Mahony couldn’t find the measly $6 million to restore beautiful St. Vibiana’s, but he had no trouble finding a helluva lot more money than that to construct his Aztec temple up the street, and yet millions more in hush money for the altar boys he allowed his gay priests to molest.
He is a bad shepherd.
I’m pleased that they didn’t destroy the lovely old place. Perhaps St. Vibiana is too.
Bah ... Aztec temples were a whole lot better looking than the Taj Mahony. That miserable abhomination should be imploded.
bump
I think it may be an interesting example of modern architecture, and it has some cutting-edge concepts in it, but what it ISN'T is a CATHOLIC CHURCH.
Any sort of a bio on Tom Gilmore available.
This must have been a labor of love, it could take more than a couple years for it to turn a profit.
Harrrummph!!!
I have seen very little in modern architecture that I find interesting, and cutting edges belong on knives not buildings.
Eeek ... that’s an odd combination of modernist drivel and damning with faint praise.
It is also curious that since Murdoch was knighted for his "unblemished character", he abandoned his wife of 31 years and married one of his "dynamic, tall and gorgeous" female employees who is half his age. When Cardinal Mahony's office was asked if the knighthood honor would be revoked, a spokesman replied, "As far as I know, once you've got it, you've got it for good."
In 2002, Rupert Murdoch purchased a burial space in the cathedral's crypt.
You’re right, I was unfair to the Aztecs. It’s really more like an explosion in a sheet metal warehouse.
Was this cathedral ever consecrated? If it was consecrated, it must always be used as a church.
From the Catholic Encyclopedia: “Consecration differs from mere blessing in this, that it imprints an indelible mark (St. Thomas, II-II:34:3) on the building by reason of which it may never be transferred to common or profane uses.”
Most churches in the United States are not consecrated, but many cathedrals, particularly ones in built in the nineteenth century, are.

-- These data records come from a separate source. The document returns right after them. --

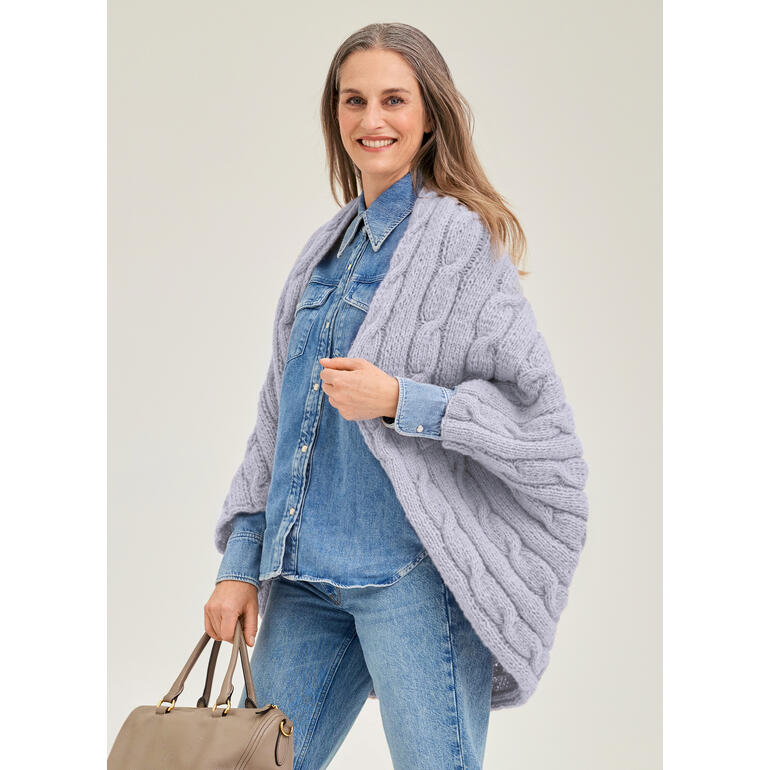 Frau in grauem, dickem Ärmelschal aus Wollmaterial, trägt eine Jeansjacke.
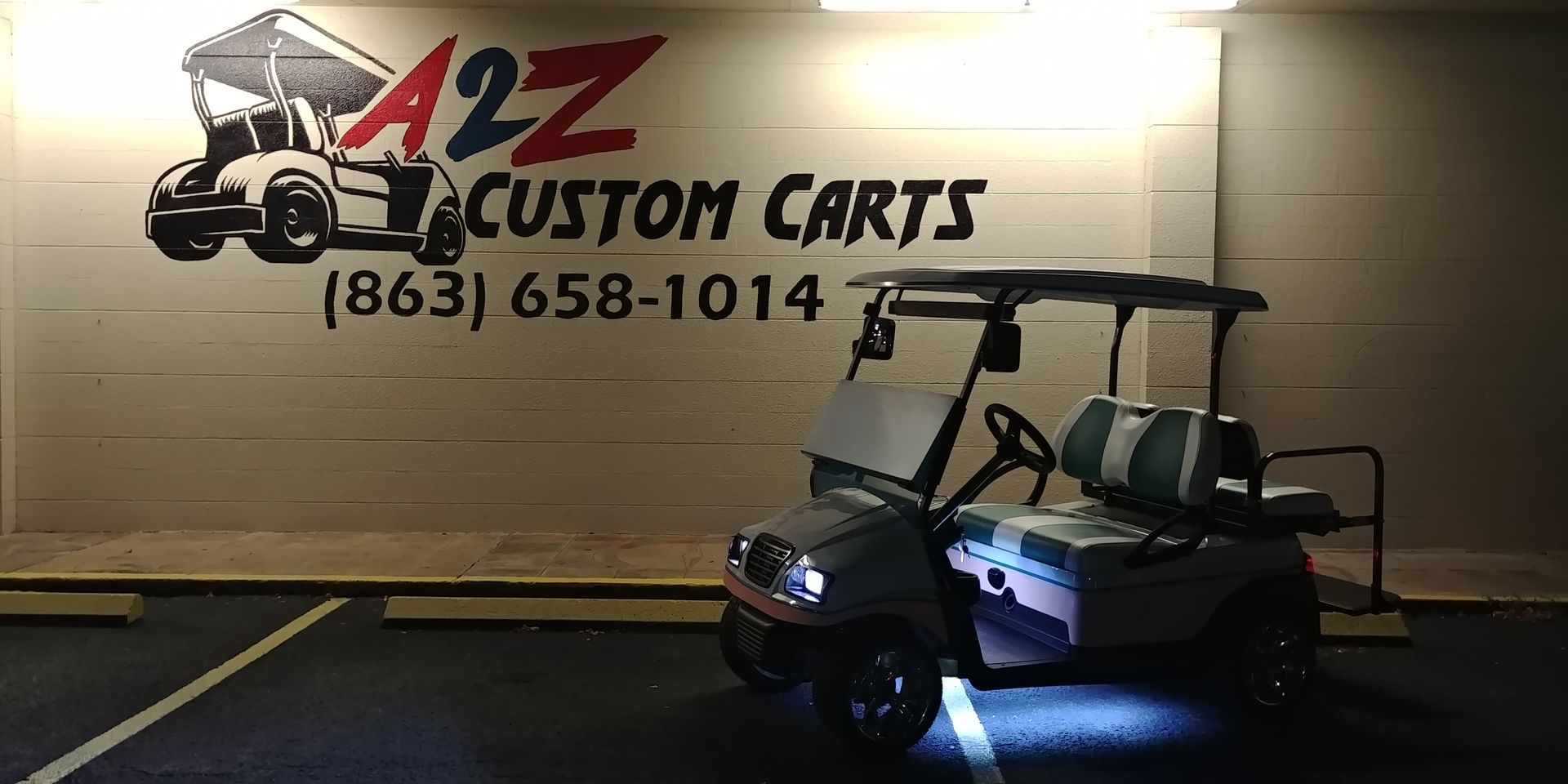 A golf cart parked in front of a wall with the business logo 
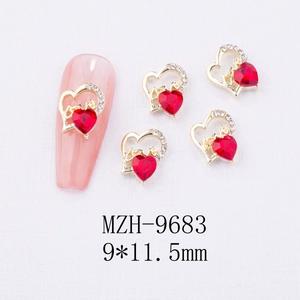 Macro detail of gold alloy heart nail charms with red zircon and Love letter design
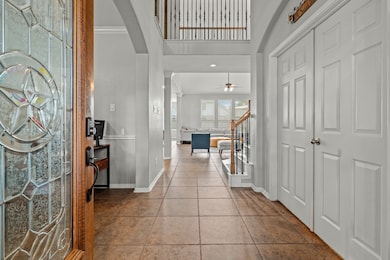 Welcome in.  Home office on your left, with a sitt
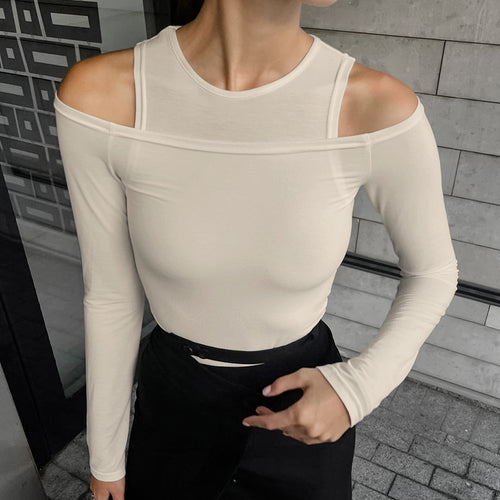 Dame langærmet top med off-shoulder design og trendy snit Stilla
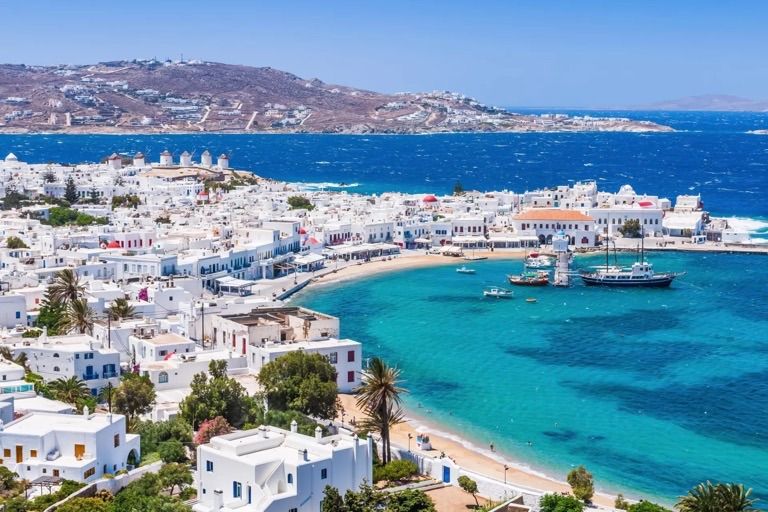 Il centro bianco di Mykonos sopra il porto vecchio, con i mulini a vento sulla collina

The Archdiocese's engineers and contractors estimated that it would cost a minimum of eighteen to twenty million to save the old structure. No one, including the preservationists, would donate the kind of money needed to save the old Cathedral building. Link
The final cost of the new cathedral was $189.7 million. Link
And isn't it beautiful?
Sounds like the fate of all the Catholic churches in California in the years to come.